<<<<

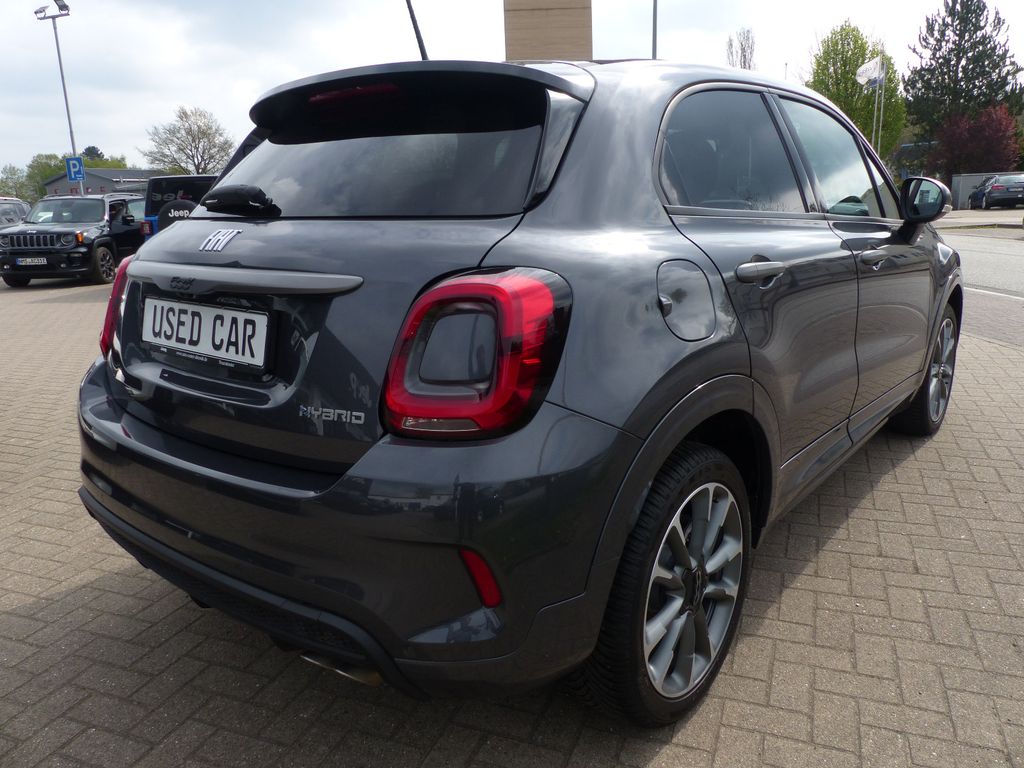 Fiat 500X 2024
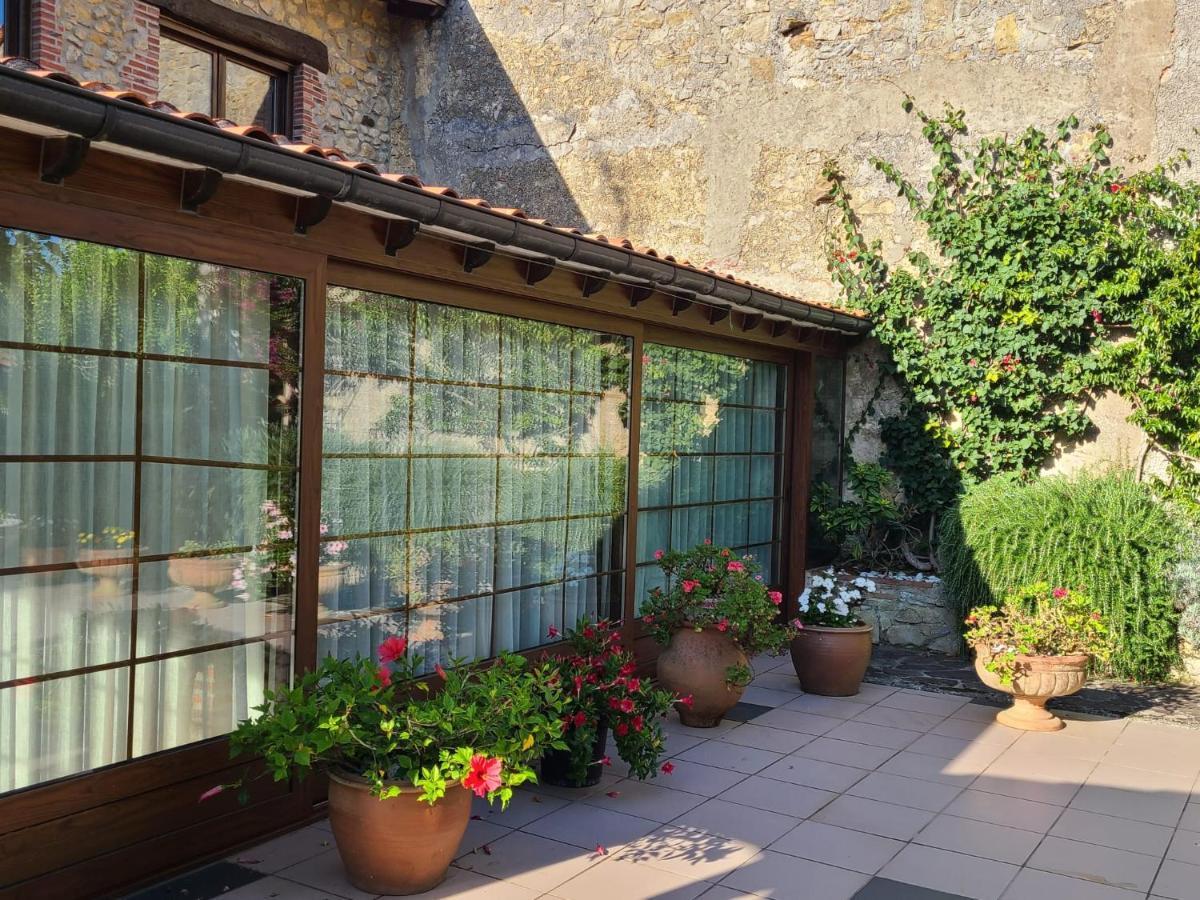 La Casona De Picoverde Cóbreces Zewnętrze zdjęcie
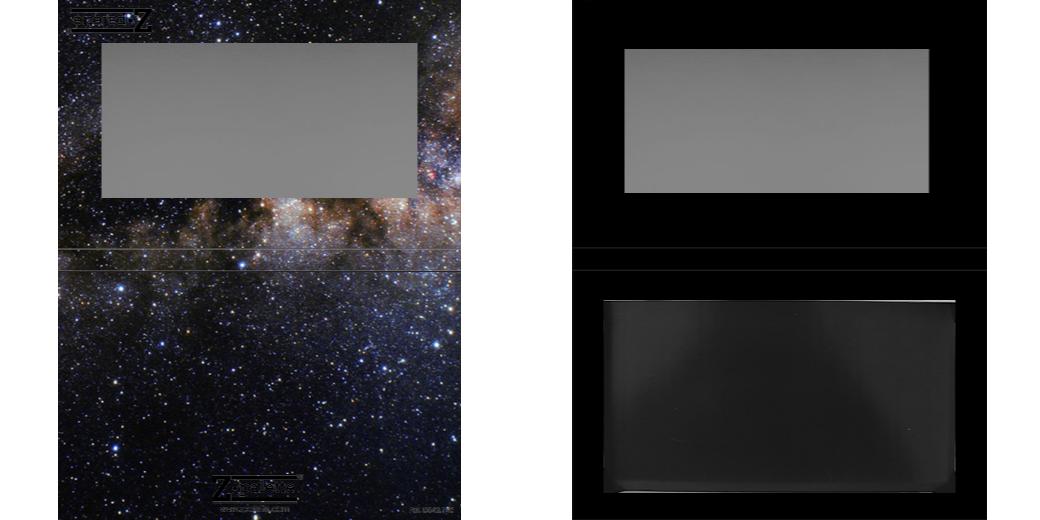 Custom Medium Deep Z Palette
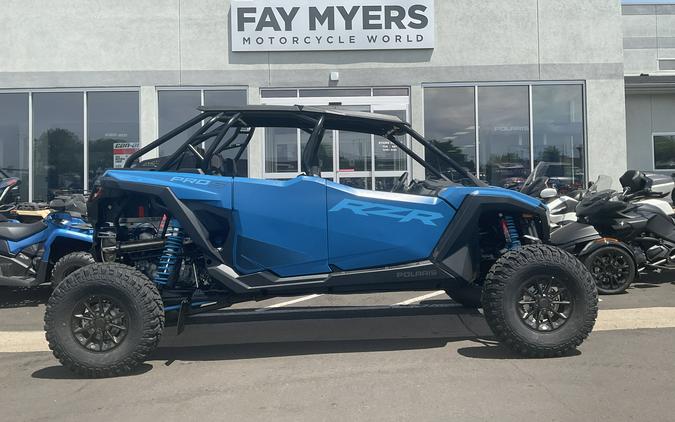 2026 POLARIS RZR PRO S 4 ULTIMATE - 27344P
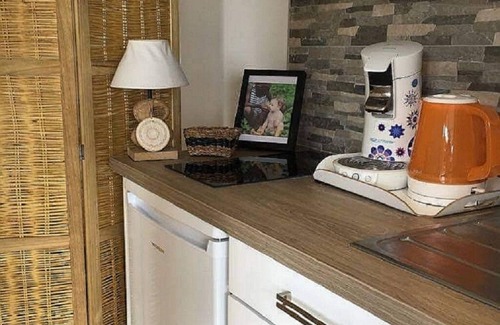 Le Diamant Apartment | The little diamond flower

>>>>

> _TRY IT_
Drop the pictures, then transcribe the lines from the one containing "2026 POLARIS RZR PRO S 4 ULTIMATE - 27344P" to the end of the data above, exactly and nothing more.

> _ANSWER_
 2026 POLARIS RZR PRO S 4 ULTIMATE - 27344P
 Le Diamant Apartment | The little diamond flower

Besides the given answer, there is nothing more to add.